Because it's a long level, my hand was basically immediately uncomfortable with the analogue nub, my thumb resting in a manner that shouldn't be described as resting at all. I'd have to play this level with my finger and the PSP on the table if I wanted to get through it without any pain - and even then I might get bored or blinded before the level was over.

After dying, I just quit out. I actually think that I abandoned Size Matters back in the day. This doesn't look like a New Game+ save at all, and nor does it look finished, or near to being finished. I genuinely think I couldn't carry on playing back in 2007, and can't now either.


Final Word


I have watched a view videos of Size Matters and none of it really triggers any memories. I can't have finished it. I probably didn't even get close. The game might have looked like Ratchet & Clank, and in places might have felt like Ratchet & Clank, but the lack of buttons on the PlayStation Portable means it's only the dedicated fan that persisted with it for any length of time.

And that's a bit of a shame because this really does look like a galaxy-spanning Ratchet & Clank game squished onto a UMD for gaming on the go. It wasn't done by the original development team, but it was done by former Naughty Dog and Insomniac developers, teams who know what they're doing and absolutely did the best they could with the hardware.

But my goodness is it a challenge. Those controls, despite being the best they could be, are not ideal. They're customizable, but not to the point of 'fixing' the game in any way. A PlayStation 2 port was released, and you'd think would be the better version, but I hear it's not.
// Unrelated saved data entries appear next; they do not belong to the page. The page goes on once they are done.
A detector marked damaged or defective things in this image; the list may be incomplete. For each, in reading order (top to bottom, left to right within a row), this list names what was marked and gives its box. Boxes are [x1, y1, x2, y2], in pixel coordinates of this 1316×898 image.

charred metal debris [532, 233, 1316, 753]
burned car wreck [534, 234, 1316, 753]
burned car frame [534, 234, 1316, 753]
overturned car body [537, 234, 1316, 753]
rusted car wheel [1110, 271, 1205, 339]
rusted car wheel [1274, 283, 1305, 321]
I don't know how that's even possible.

I may be a lapsed fan, but I am still a fan of Ratchet & Clank. I trailed off during the PlayStation 3 games, I think largely because I'd done it all so many times during the PlayStation 2 titles. I got the PlayStation 4 reimagining and thought it was great. Different, flawed, but a great showing of how far we've come graphically, and now there's a PlayStation 5 on the horizon with a Ratchet & Clank title designed to show off the progress of hardware as much as graphics.
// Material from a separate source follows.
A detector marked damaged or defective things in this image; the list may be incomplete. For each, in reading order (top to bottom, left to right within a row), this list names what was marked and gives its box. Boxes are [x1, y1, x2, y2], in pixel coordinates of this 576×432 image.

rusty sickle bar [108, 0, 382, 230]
If I'm not excited for Ratchet & Clank then I'm nostalgic for it, but Size Matters doesn't do it for me. It tries, and it gives a damn good effort, but it doesn't land. I'm going to have to watch this one, and I know it won't reach the heights of the console games in terms of story because of the hardware limitations of the PSP.
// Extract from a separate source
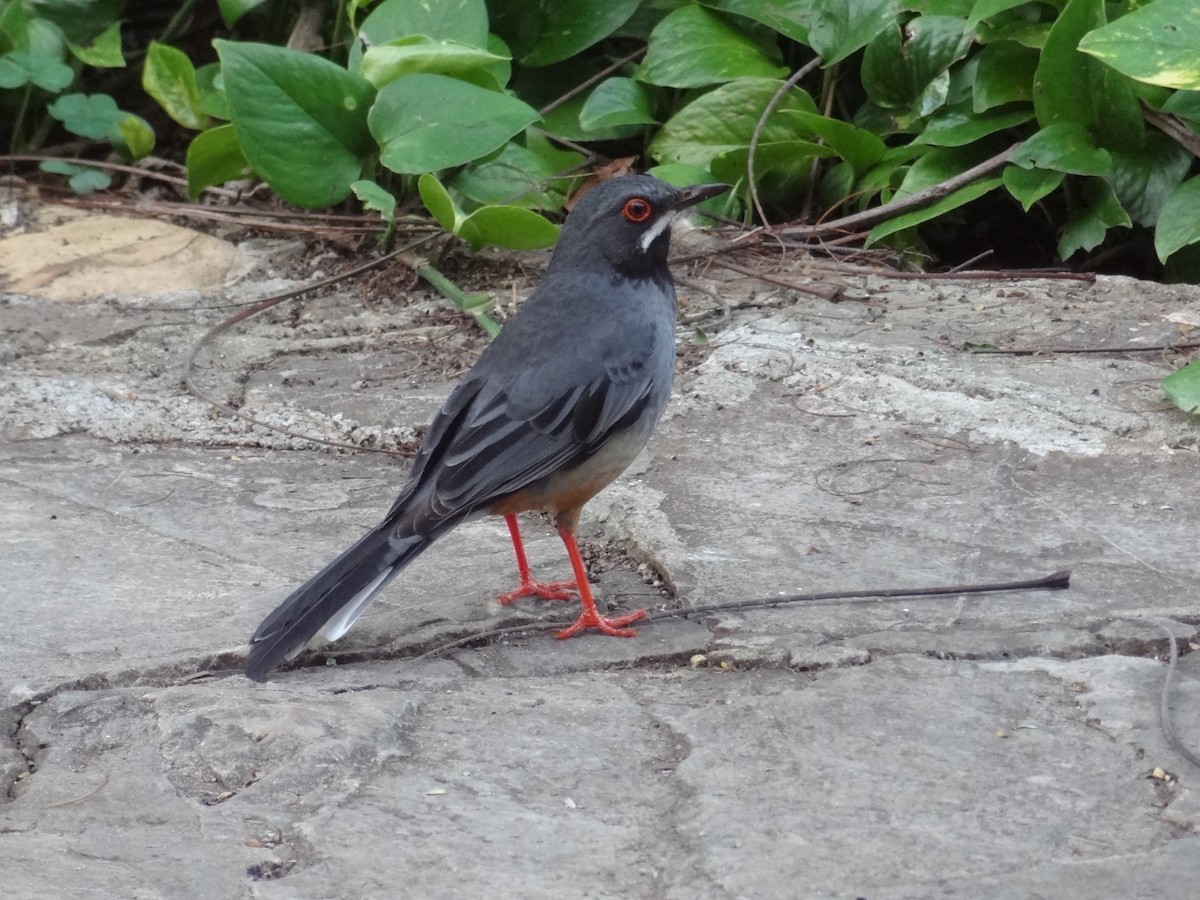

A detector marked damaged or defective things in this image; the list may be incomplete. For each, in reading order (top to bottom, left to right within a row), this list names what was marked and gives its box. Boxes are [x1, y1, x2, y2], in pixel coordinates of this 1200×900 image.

cracked pavement [2, 213, 1200, 900]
Is it an essential game to play? Well, it certainly shows off what the PSP can achieve, but does highlight its limitations, too. It's side content for Ratchet & Clank fans, but it is more Ratchet & Clank, and who wouldn't want that?

If you're at all interested in any aspect of this game, then definitely check it out. If you don't care about the PSP, the characters, action-platformers... there's no need to try to convince you otherwise.


Fun Facts


Save data for Size Matters can unlock content in the other Ratchet & Clank PSP spin-off, Secret Agent Clank, which is as cool as it sounds. The title, not the unlocking content.

Ratchet & Clank: Size Matters, developed by High Impact Games, first released in 2007.
Version played: PlayStation Portable, 2007, also via emulation.